5. **Recommendation Generation:**
- Implement a recommendation method that calculates cosine similarity between the selected movie and all other movies in the dataset
- Return the top 5 movies with the highest similarity scores

## ✨ Key Features

- Select a movie from the list to receive top 5 movie recommendations
- User-friendly interface built with Flask, HTMX, and Tailwind CSS
- Efficient data processing and similarity calculation for quick recommendations

## 📁 Directory Structure

```sh
cinebrain/
│
├── app/ # Flask application directory
│
├── data/ # Data directory
│ ├── processed_df.pkl
│ ├── tmdb_5000_credits.csv
│ ├── tmdb_5000_movies.csv
│ └── similarity.npy
│
├── recommender_system.ipynb # Jupyter notebook for model development
├── run.py # Script to run the Flask application
├── .env # Environment file for API key
└── README.md
```

## 🔑 API Setup

This project uses The Movie Database (TMDb) API to fetch additional movie information.

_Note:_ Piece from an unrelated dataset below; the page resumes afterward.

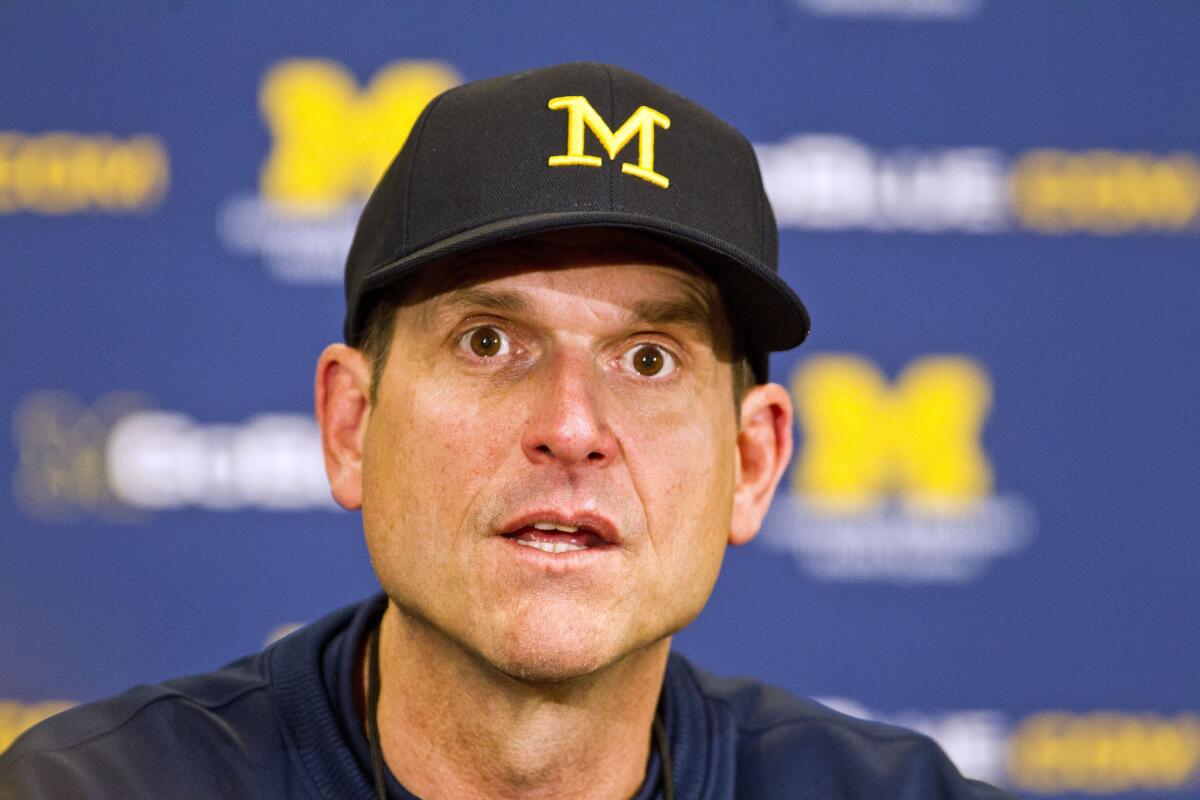 Michigan Coach Jim Harbaugh answers questions during a news conference April 4 in Ann Arbor.
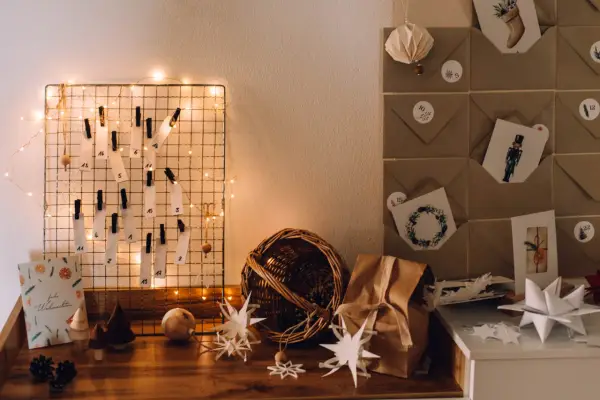 DIY Adventskalender basteln für Erwachsene: Ein Drahtgitter mit nummerierten Zetteln, Lichterkette und Bastelmaterialien.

To use the API:

1. Create an account on [The Movie Database](https://www.themoviedb.org/)
2. Go to your account settings and navigate to the API section
3. Request an API key for developer use
4. Create a `.env` file in the root directory and add your key:

```sh
TMDB_API_KEY=your_api_key_here
```

⚠️ Keep your API key confidential and never share it publicly.

## 🛠️ Installation

1. Clone the repository:

```sh
git clone https://github.com/ramchaik/cinebrain.git
cd cinebrain
```

2. Create and activate a virtual environment:

```sh
python -m venv venv
source venv/bin/activate # On Windows, use venv\Scripts\activate
```

3. Install the required dependencies:

```sh
pip install -r requirements.txt
```

## 🖥️ Usage

1. Run the Flask application:

```sh
python run.py
```

2. Open a web browser and navigate to `http://localhost:5000`

3. Select a movie from the list to receive recommendations

## 🛠️ Technologies Used

- Python
- pandas
- scikit-learn
- NLTK
- Flask
- HTMX
- Tailwind CSS

## 🔮 Future Improvements

- Implement user authentication and personalized recommendations
- Integrate real-time data updates from TMDb API
- Enhance the user interface with movie posters and additional details
- Develop a mobile application for on-the-go recommendations

## 🤝 Contributing

Contributions are welcome! Please feel free to submit a Pull Request.

## 📄 License

This project is open source and available under the [MIT License](LICENSE).